Autant d'éléments qui vont dans le sens d'un déséquilibre du mar- ché, pointé par l'Agence internatio- nale de l'énergie (AIE). Celle-ci annonce un surplus de l'offre de 950.000 barils par jour en moyenne, l'an prochain. Un excé- dent qui atteindrait même 1,4 mil- lion de barils quotidiens, si l'Opep+ met en œuvre la fin de ses quotas de production.
Un baril à 60 dollars?
Lors de sa dernière réunion de l'année, l'organisation des pays exportateurs de pétrole et ses alliés ont reporté au mois d'avril ce retour à la normale, après les quotas décidés depuis deux ans pour enrayer la baisse des prix.
L'Opep+ voit ses marges de manœuvre se réduire et a elle-même revu à la baisse ses prévisions de croissance. Selon elle, la consommation mondiale de pétrole s'établirait en 2024 à 103,82 millions de barils par jour (un million de barils de plus que les comptes de l'AIE) et l'an prochain à 105,27 millions. Ses économistes ont ainsi réduit leurs estimations de 210.000 barils quotidiens pour 2024 et 90.000 pour 2025.
Ces éléments plaident en faveur d'une poursuite de la tendance baissière l'an prochain. A tel point que les analystes de Citi voient le baril de Brent chuter à 60 dollars en 2025.
Ceux de Morgan Stanley ont, eux, remonté leur prévision à 70 dollars pour le deuxième semestre de l'an prochain, contre 66 à 68 dollars auparavant, après la décision de l'Opep+ de repousser ses hausses de production, estimant dans une note que la décision d'étaler le retour à la normale limitera l'excédent à 300.000 barils de brut par jour, contre 700.000 auparavant. L'Agence internationale de l'énergie, de son côté, voit les prix évoluer dans une moyenne de 72 à 74 dollars en 2025.

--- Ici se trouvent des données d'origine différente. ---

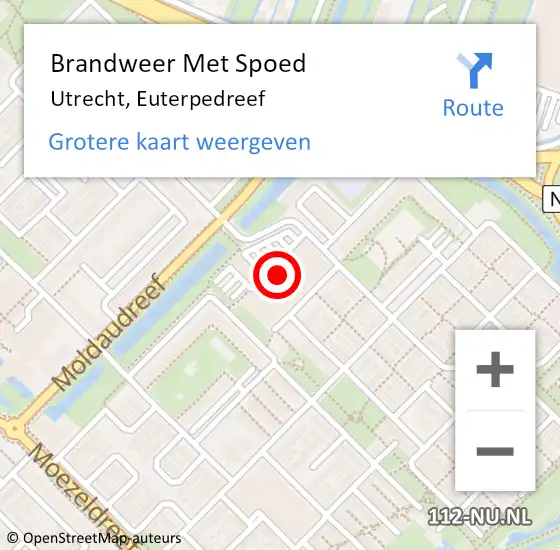 Locatie op kaart van de 112 melding: Brandweer Met Spoed Naar Utrecht, Euterpedreef op 10 september 2021 13:47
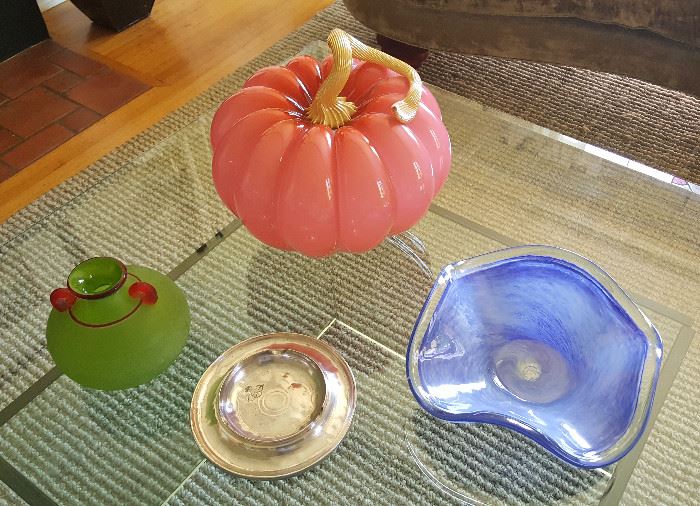 Large Art Glass Pumpkin by Cohen-Stone w/ an Art Glass Bowl and Green Vase; Antique Silverplate Ashtray - Coaster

Donald Trump et l'arme gazière
Même cause, mais effets différents: l'arrivée de Donald Trump à la Maison-Blanche n'aura, à coup sûr, pas les mêmes résultats sur le marché mondial du gaz, l'an prochain. Si le président républicain compte bien favoriser la production américaine de gaz, la demande mondiale de gaz naturel liquéfié (GNL) demeure suffisamment élevée, en particulier en Europe, et l'offre encore limitée, pour exercer une pression sur le marché. Et Donald Trump pourrait utiliser l'arme gazière comme monnaie d'échange dans les négociations commerciales, avec la Chine ou avec le Vieux Continent.

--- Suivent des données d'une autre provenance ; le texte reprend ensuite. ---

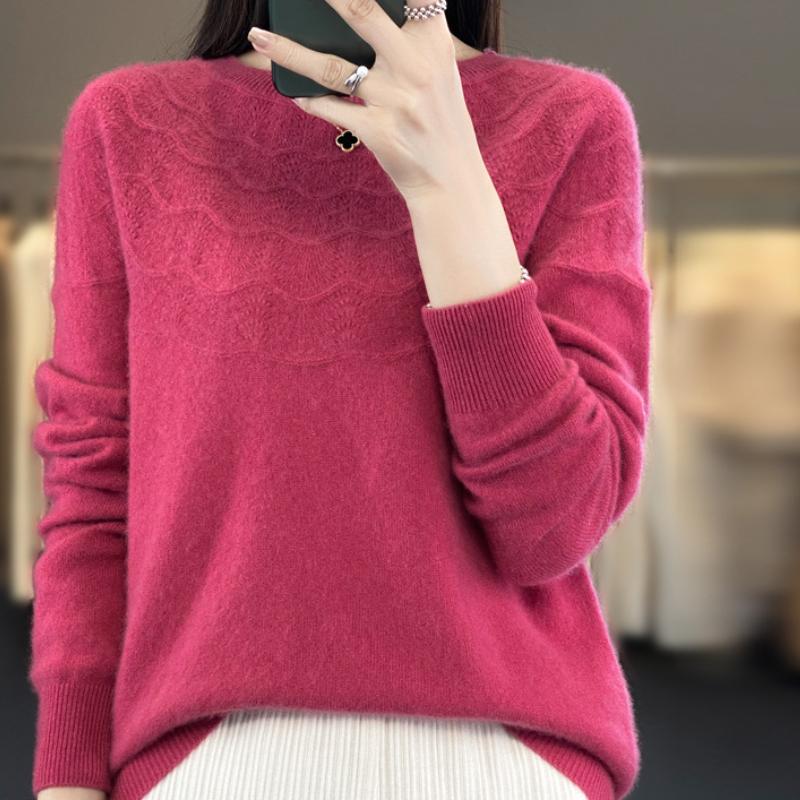 Round-neck Wool Sweater for Women In Autumn and Winter Comfortable Fit Versatile Sweater Soft and Glutinous Skin-friendly Cashmere Base Top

Les prix du gaz sont redescendus autour de 40 euros le mégawatt-heure ces dernières semaines, après avoir frôlé les 50 euros début décembre. La baisse des consommations en Europe et la relative faiblesse de la demande chinoise ont relâché les tensions sur le marché (l'Allemagne va même arrêter les opérations de l'un de ses terminaux de regazéification, construits pendant la crise, au premier trimestre).
Mais l'année 2025 devrait rester sujette aux risques et à des flambées de prix limitées. Les grands projets de liquéfaction aux Etats-Unis et au Qatar n'entreront pas en service avant, au mieux, 2026, voire 2027. Les premiers ont été retardés par la pause de l'administration Biden dans l'attribution de permis. L'Europe devra donc garder encore un temps l'œil sur le niveau de ses stocks et se creuser la tête pour trouver comment se préparer à l'arrêt complet des importations russes, alors que la part du gaz russe est remontée à près de 20% des importations européennes, gazoducs et GNL confondus, à la fin de 2024.